PROBLEM DESCRIPTION
Omit the images and output every line of the data below exactly.

DATASET SECTION

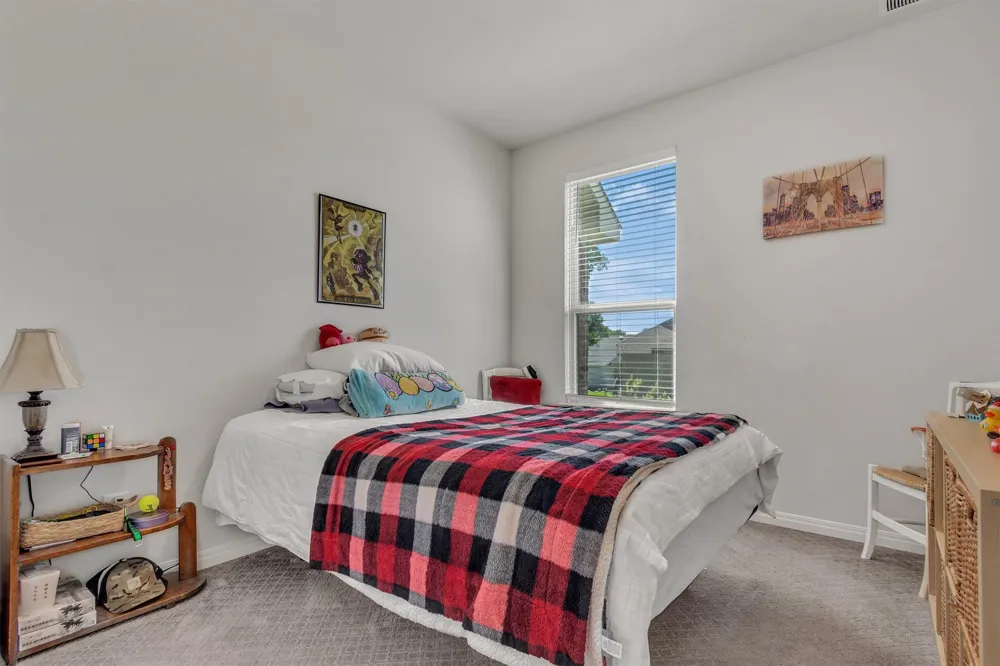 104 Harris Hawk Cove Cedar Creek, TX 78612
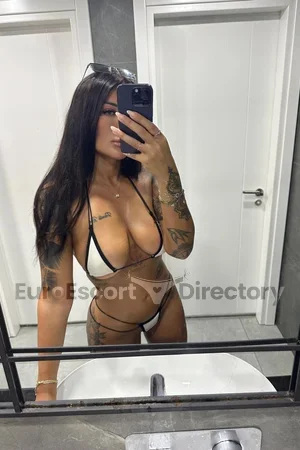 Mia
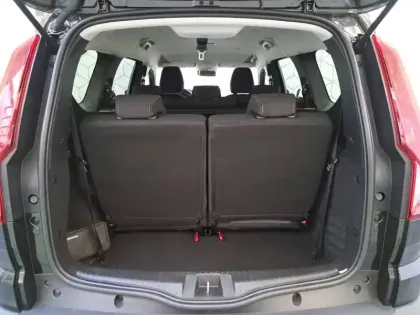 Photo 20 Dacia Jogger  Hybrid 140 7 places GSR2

WRITTEN ANSWER
 104 Harris Hawk Cove Cedar Creek, TX 78612
 Mia
 Photo 20 Dacia Jogger  Hybrid 140 7 places GSR2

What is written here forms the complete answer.